- _WHAT YOU HAVE TO DO_
Look below for the line holding "Round Cut Four" and the line holding "2011 Jeep Grand". Repeat those two and everything between, exactly.

- _RECORDS_
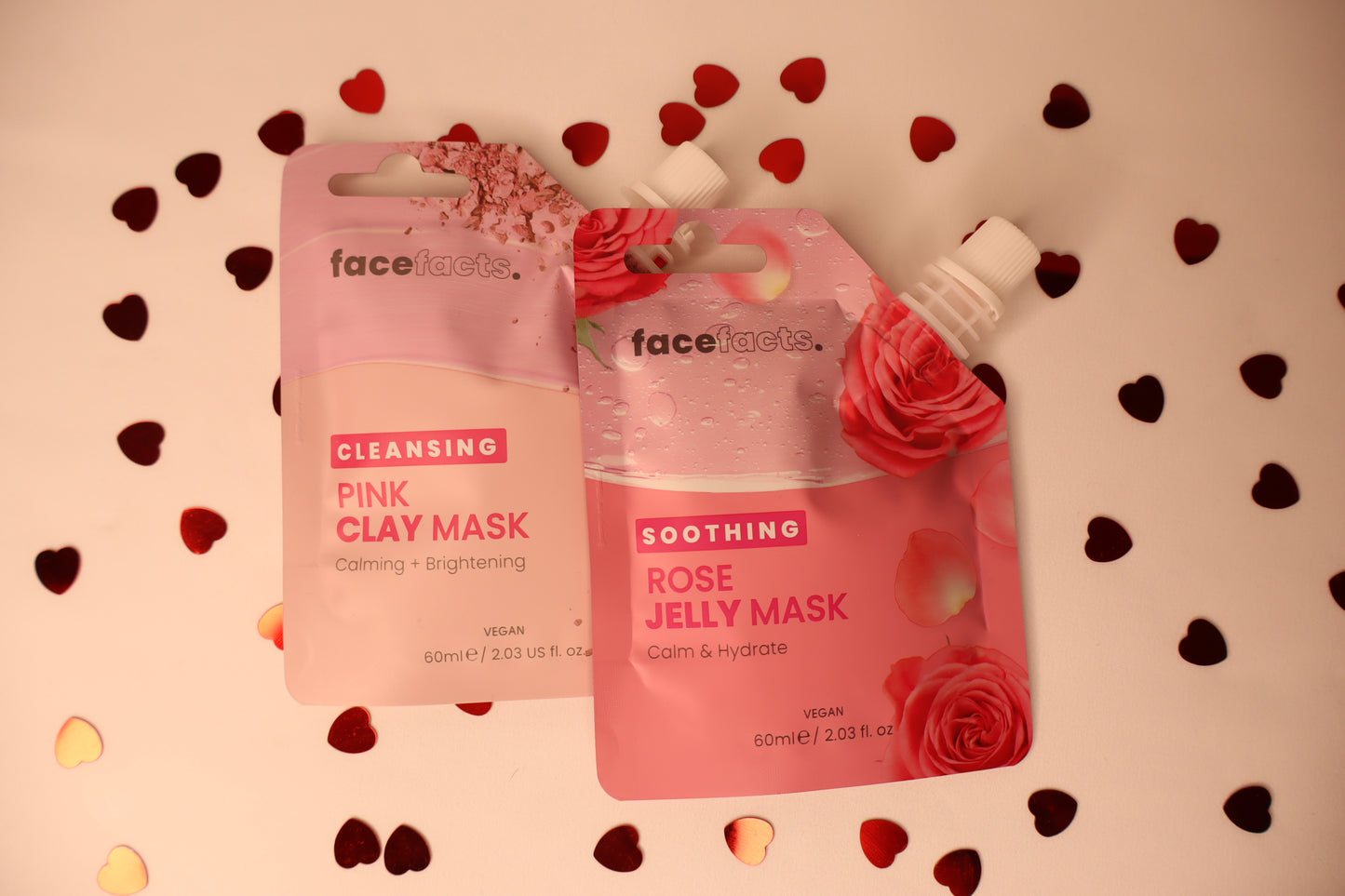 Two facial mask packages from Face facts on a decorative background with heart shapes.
* * *
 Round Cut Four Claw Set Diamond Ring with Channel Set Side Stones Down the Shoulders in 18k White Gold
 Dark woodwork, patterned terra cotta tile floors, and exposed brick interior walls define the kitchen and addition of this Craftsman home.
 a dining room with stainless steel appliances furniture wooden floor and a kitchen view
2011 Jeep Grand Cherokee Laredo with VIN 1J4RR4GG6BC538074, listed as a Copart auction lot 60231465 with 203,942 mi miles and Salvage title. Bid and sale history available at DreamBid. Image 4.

- _ANSWER SECTION_
 Round Cut Four Claw Set Diamond Ring with Channel Set Side Stones Down the Shoulders in 18k White Gold
 Dark woodwork, patterned terra cotta tile floors, and exposed brick interior walls define the kitchen and addition of this Craftsman home.
 a dining room with stainless steel appliances furniture wooden floor and a kitchen view
2011 Jeep Grand Cherokee Laredo with VIN 1J4RR4GG6BC538074, listed as a Copart auction lot 60231465 with 203,942 mi miles and Salvage title. Bid and sale history available at DreamBid. Image 4.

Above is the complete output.